Modified on Fri, 27 Mar 2020 at 04:00 PM

Book products allow you to set resolution warnings/errors at setup time. These warnings apply to images used on yearbook pages.

Your client will see warnings on their pages if they use an image that is below your recommended values.


They will also apply to backgrounds.

How resolution warnings are triggered

There are several common triggers for low-resolution warnings.

  • your client has downloaded images and logos from their school website, not realizing they have been downscaled.
  • your client has downloaded photos, clipart and backgrounds from the internet, not verifying their quality (nor the legality of doing so!)
  • your client has over-zoomed an image.
  • your client has stretched a small image to a larger size.
  • your client is using a scanned artwork that is not 300 dpi and set it to a full background.
  • the school photography service has provided portrait images below the recommended PSPA 640x800 size.
  • your client has used a portrait image on a candid page at a much larger size than intended.

How to avoid low resolution warnings in your clients' books

First, ensure that you set your book settings to a reasonable level. 
Yearbooks are generally not printed at the quality of fine art photo books, so there is no need to challenge your clients with very high resolution demands.
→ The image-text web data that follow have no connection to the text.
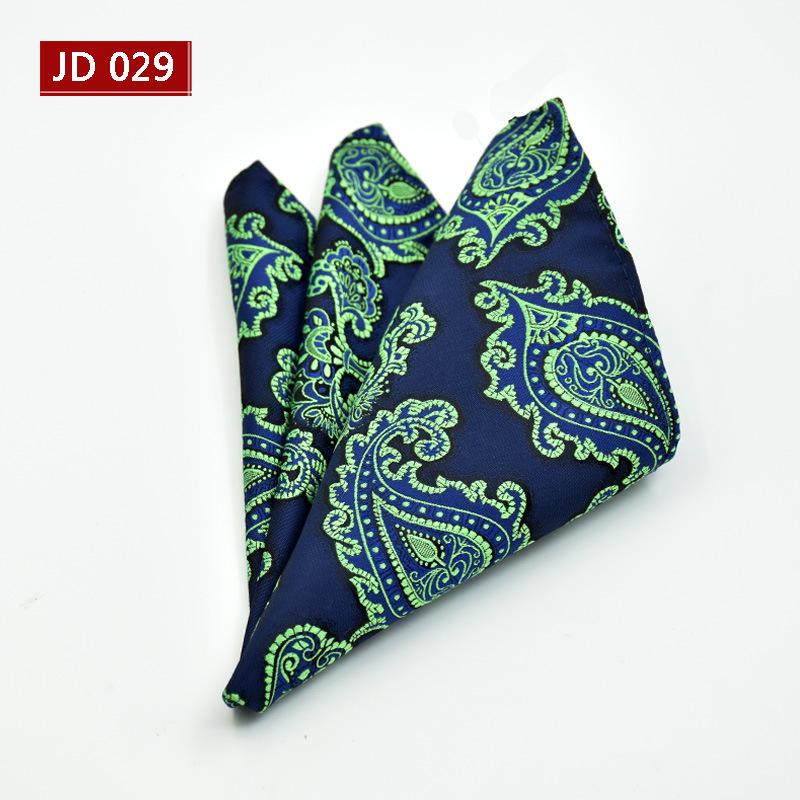 Men's Jacquard Tuxedo Pocket Square Scarf, Foldable, 25cm, New 2025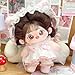 CALEMBOU Plush Doll 20cm Soft Cute Cotton Anime Kawaii DressUp Doll with Skeleton Clothes Chacha - Image 3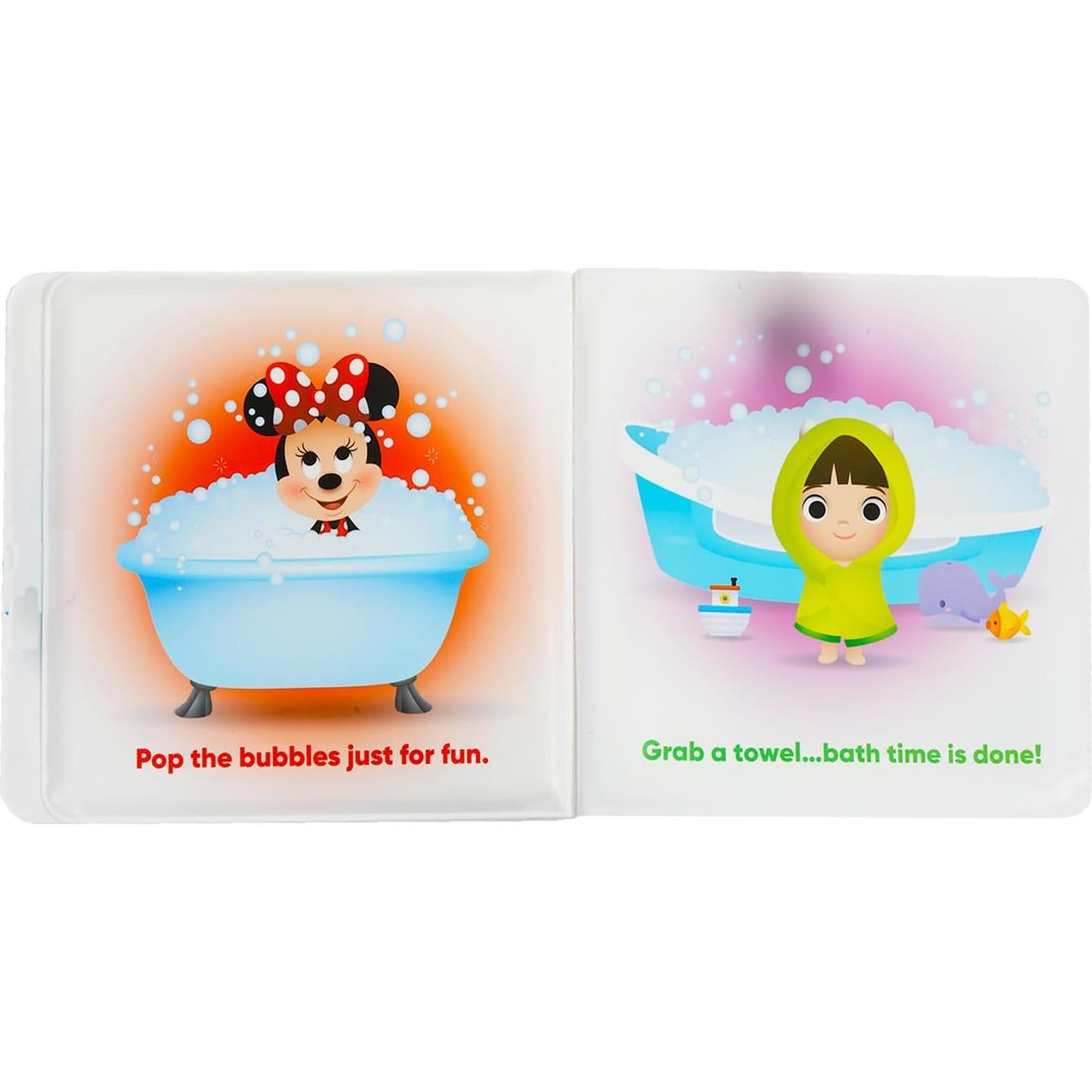Conjunto de 3 Libros de Baño Espumosos para Bebés - Plaza Sésamo, Disney, Peppa Pig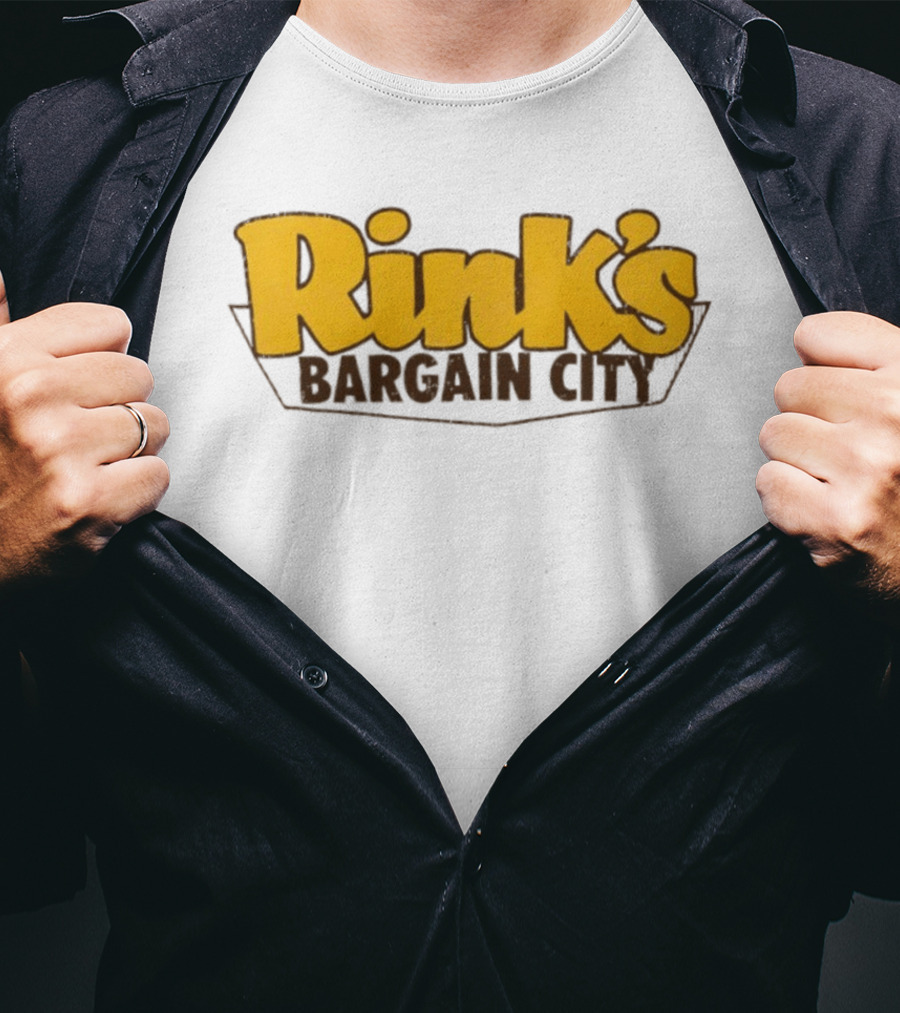 Rink's Bargain City Retro Department Store Branding T-Shirt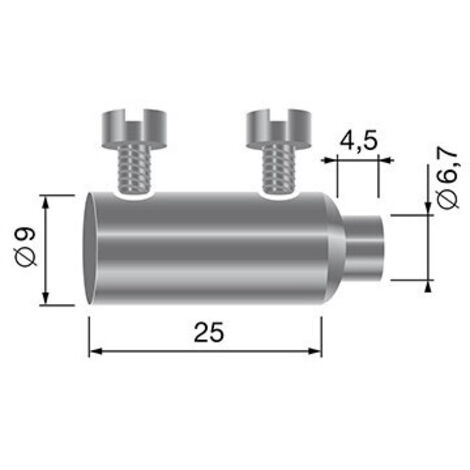 Serre-câble double, pour câbles jusque Ø: 3mm.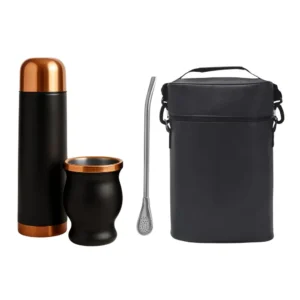 Set Mate Negro Cobre + Bolso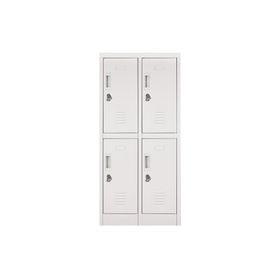 Locker office 4 puertas porta candado OLMN2-02 gris Maletek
The goal is to block very low quality images that will print pixelated.

We do not recommend using values over 200 dpi to warn or 150 dpi to error. Anything higher than these values does not allow your clients sufficient flexibility to use image resources available to them.

Never set your warning to 300 dpi - background canvas images are highly likely to display warnings. Clipart expanded even slightly beyond its first-dropped size is also likely to trigger warnings.

Second, educate your client on where they should gather images. 
They should primarily use original photos directly gathered from the photographer, not downloaded from a website.
They should use the backgrounds and elements provided in the software, or from reliable copyright free sources downloaded at as large a size as possible.
They should never use images found in a general "google search" or copied from an online publication such as a newspaper or a magazine.

The Memento Yearbook School knowledge base includes a detailed article to explain resolution issues they may encounter with their books.